··· Data shown
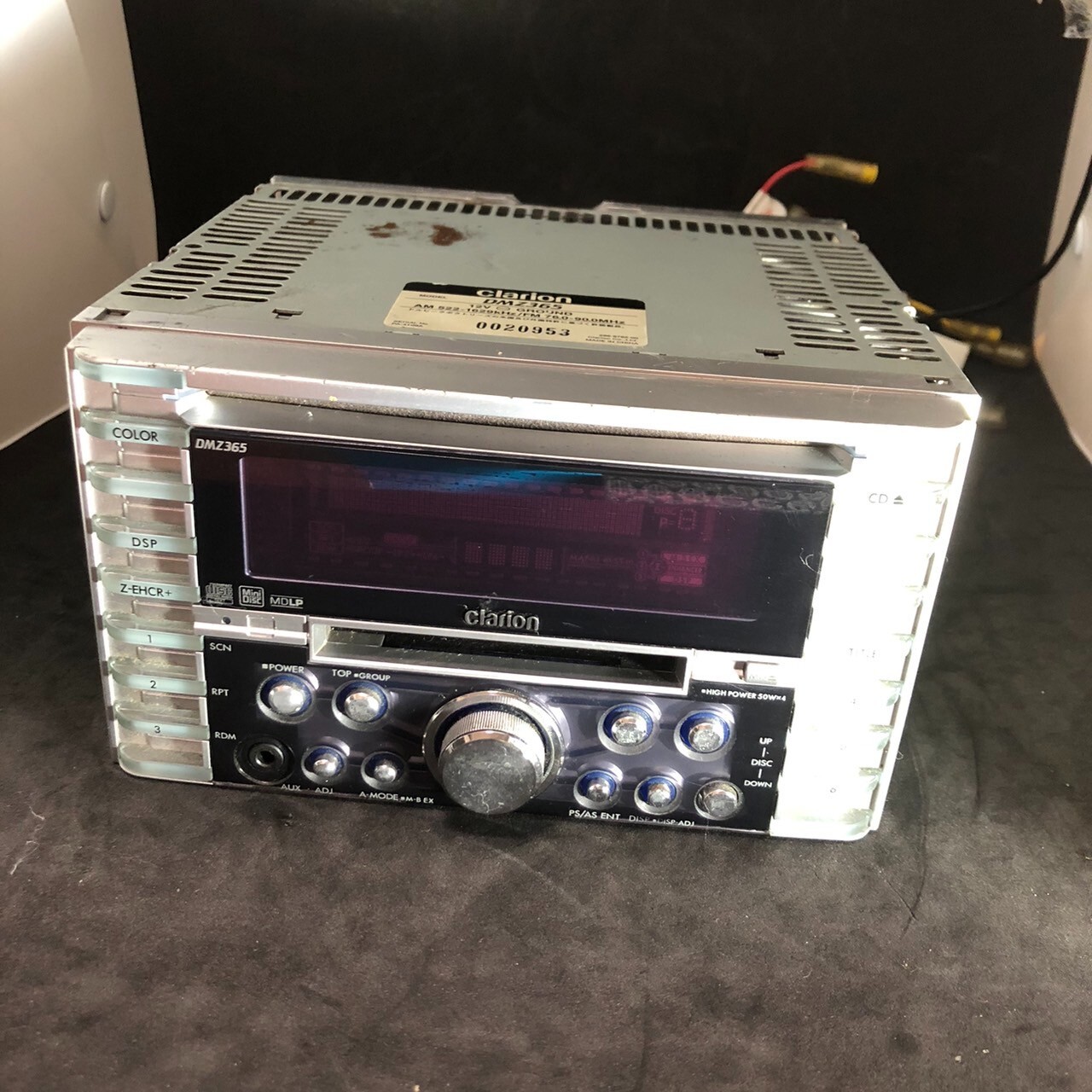 Clarion DMZ365 MD/CD player with car stereo harness working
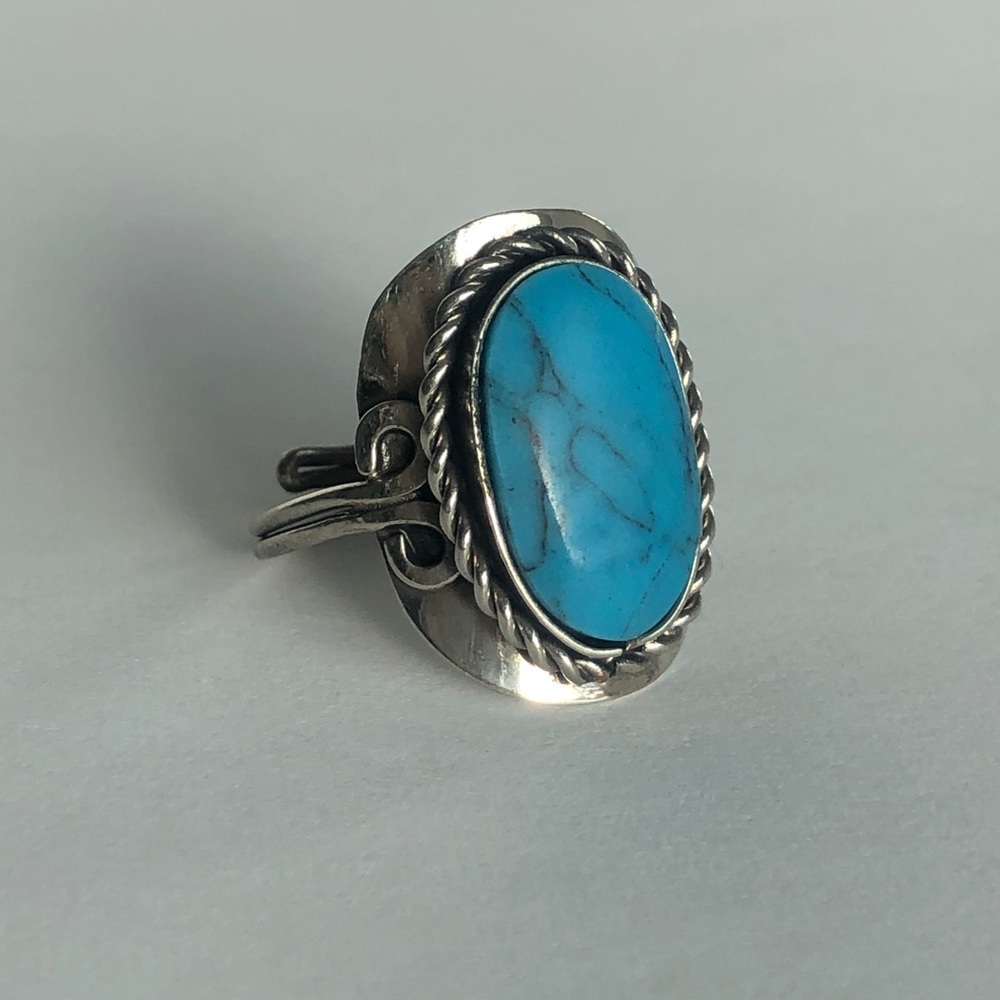 Blue Howlite Adjustable Ring - Picture 3 of 4
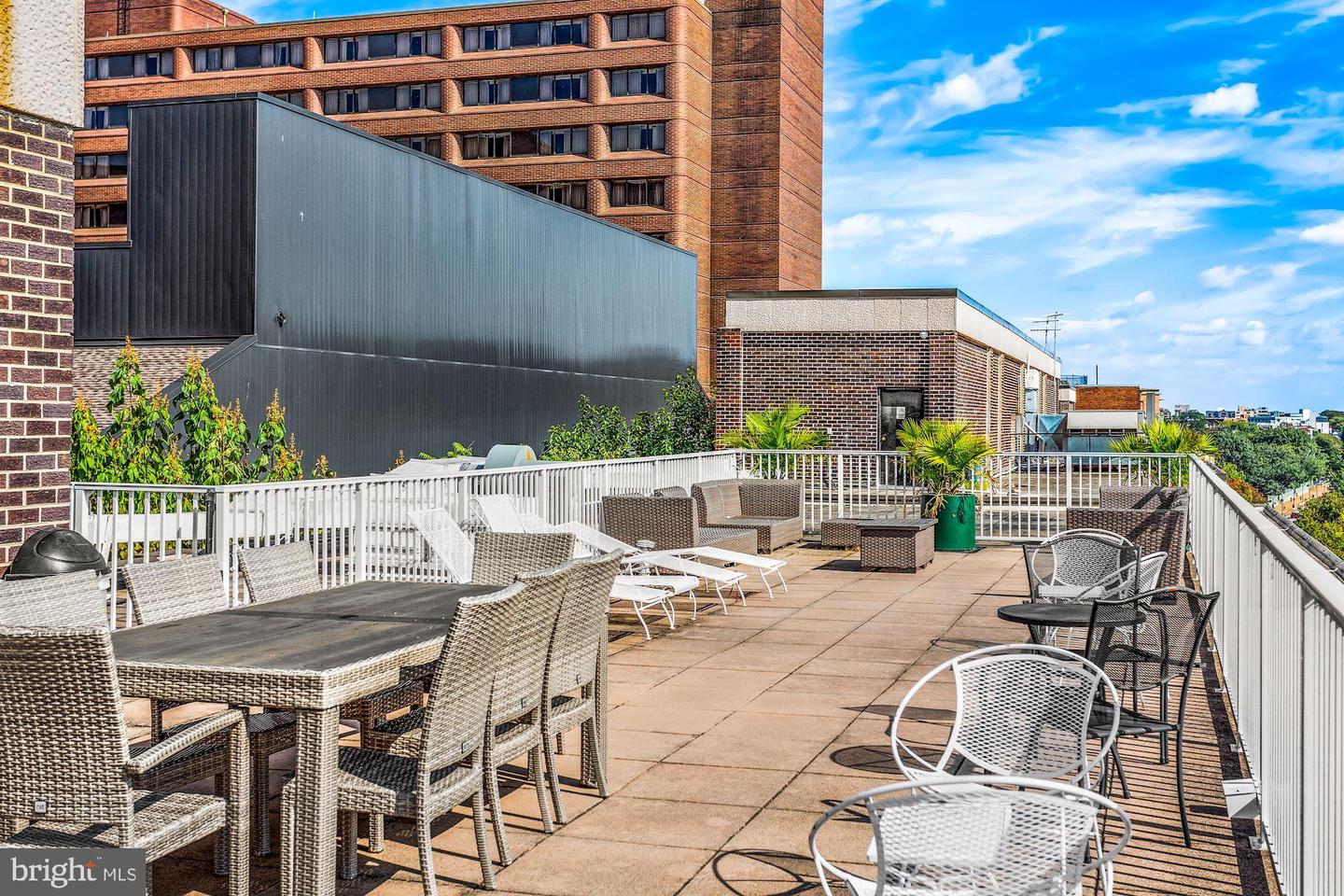 2501 CALVERT ST NW #701, WASHINGTON, District Of Columbia 20008, 2 Bedrooms Bedrooms, ,2 BathroomsBathrooms,Residential,For sale,2501 CALVERT ST NW #701,DCDC2208706 MLS # DCDC2208706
······
> _What to do_
What you write should match, word for word, the lines from the one containing "Blue Howlite Adjustable" to the end of the listing, with both ends kept and the pictures left out.

> _Expected answer_
 Blue Howlite Adjustable Ring - Picture 3 of 4
 2501 CALVERT ST NW #701, WASHINGTON, District Of Columbia 20008, 2 Bedrooms Bedrooms, ,2 BathroomsBathrooms,Residential,For sale,2501 CALVERT ST NW #701,DCDC2208706 MLS # DCDC2208706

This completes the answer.